Will Vick know what he’s doing on the sidelines? Impossible to say. He’s never coached.
But ideas that were once laughed at are now part of the mainstream thought in college football. And anyway, what does Virginia Tech have to lose? Since Frank Beamer retired at the end of the 2015 season, the program’s record is 60-53. Its identity as a scrappy little powerhouse in the shadow of the Blue Ridge Mountains has been replaced by complete irrelevance. As we’ve come to learn over the last decade, Beamer — and Vick, too — made that job look a whole lot easier than it actually is.
That’s why this scenario is going to be fascinating to follow over the next 12 months.
Virginia Tech has a great fan base that hungers for a winner, if not an outright return to the Beamer era when they were regularly competing for conference championships. Vick has the star power to reignite interest in Virginia Tech, and don’t think for a second that other athletics directors and school presidents haven’t noticed how Sanders has transformed Colorado’s national image — and not just as a football program.

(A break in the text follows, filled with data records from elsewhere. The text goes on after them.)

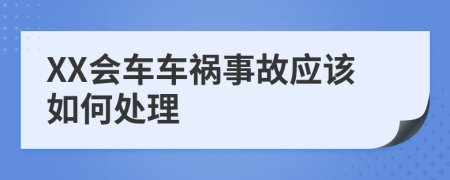 XX会车车祸事故应该如何处理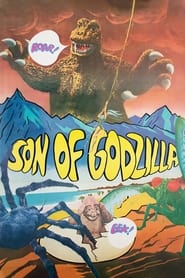 Вирішальна битва на острові монстрів: Син Ґодзілли постер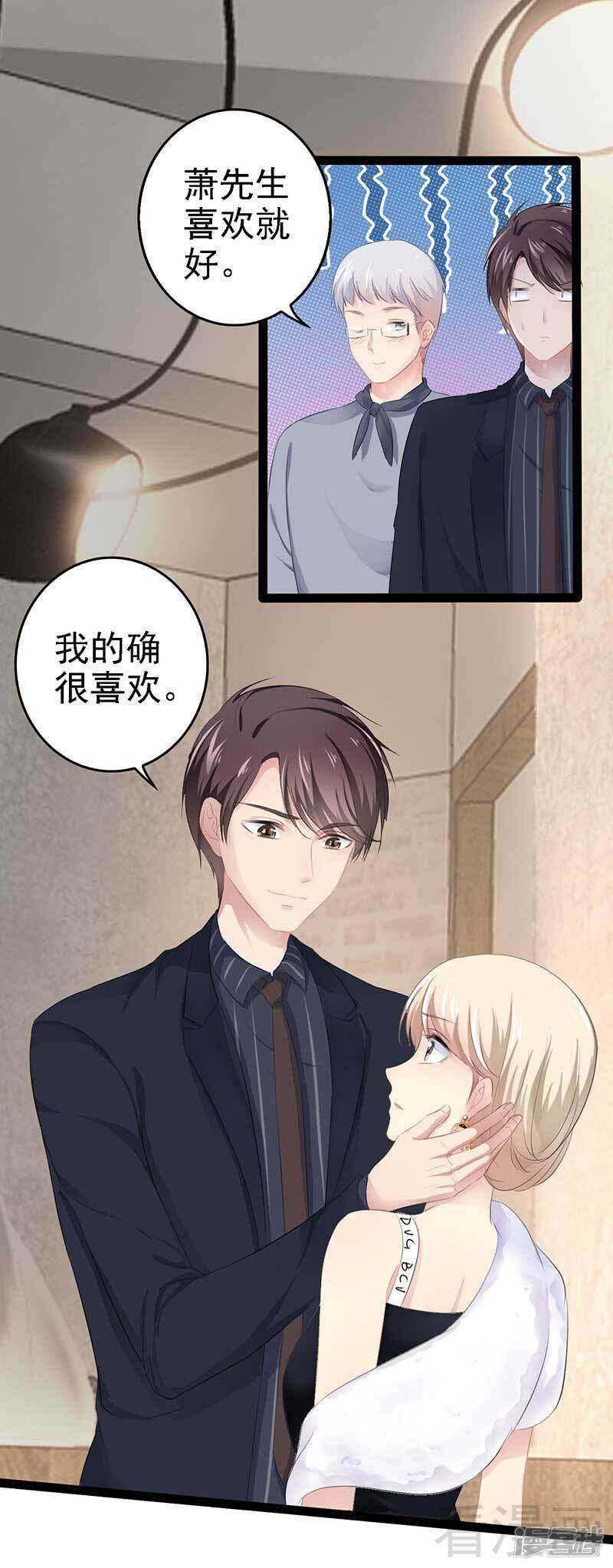 第60话 我是挺喜欢的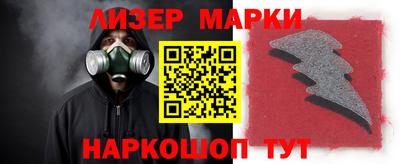 кокаин колумбия Балашиха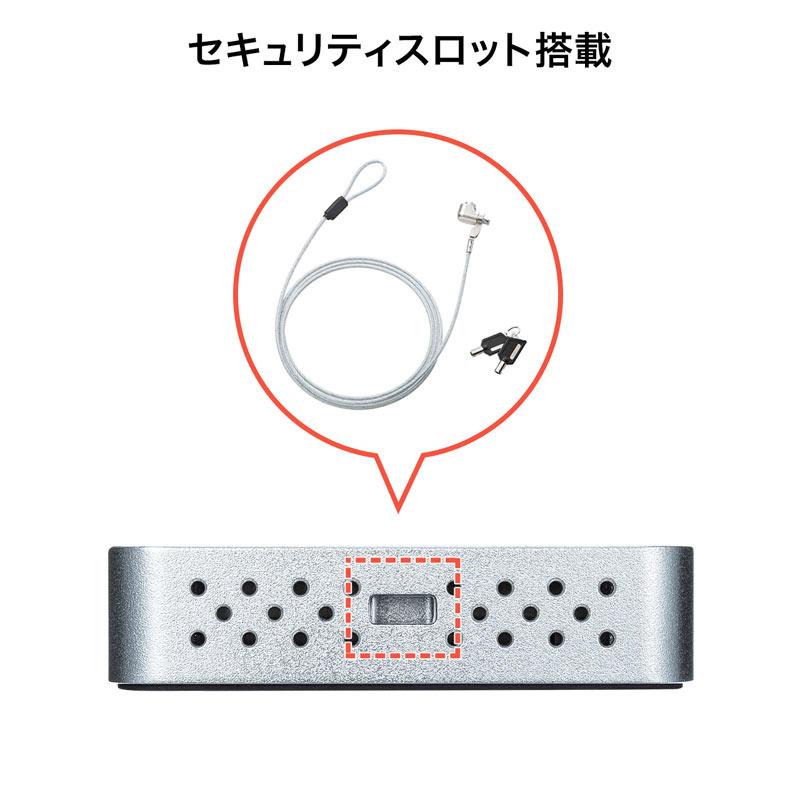 サンワサプライ USB-CVDK6 USB Type-C専用ドッキングステーション(HDMI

For people of a certain age — OK, my age — Vick was like something we had never seen before in football. Now, we are used to quarterbacks who can dominate games with their speed in addition to their passing. But when Vick showed up at Virginia Tech, and then later with the Atlanta Falcons as the first Black quarterback to be drafted No. 1 overall, he was one of one. For a lot of reasons, he’s truly one of the landmark players in the history of the sport.
The next phase of Vick’s life wasn't a picnic. He spent 21 months in prison over the dogfighting ring he was part of, and dealt with significant financial troubles and lawsuits. But since then, Vick has put his life back together and worked in television with Fox Sports since the end of his NFL career.
Vick’s college coaching candidacy seemingly came out of nowhere, but it makes sense in this era. As schools navigate a new financial reality of paying players, a lot of schools are looking outside the box or are more willing to take chances on unproven coaches that they don’t have to pay $8 million a year.
Norfolk State, which plays at the FCS level, just fired Dawson Odums after he went 15-31 in four seasons. They have nothing to lose here. And when Vick shows up on the sidelines next fall, coaching just a few miles from where he grew up, it’s going to be pandemonium.
Maybe he gets a couple players. Maybe he wins a few games. It’s unlikely Vick will ever say this publicly, but the next move from there is obvious.
Will it happen? Will Vick get that fairytale return in a year or two to rescue his alma mater from its long-running misery?
That’s largely up to him. If he is good at the job, that is going to happen. If you’re Brent Pry — the guy who has the Virginia Tech job, in case you forgot — you’re on notice. The countdown to your assumed successor has begun.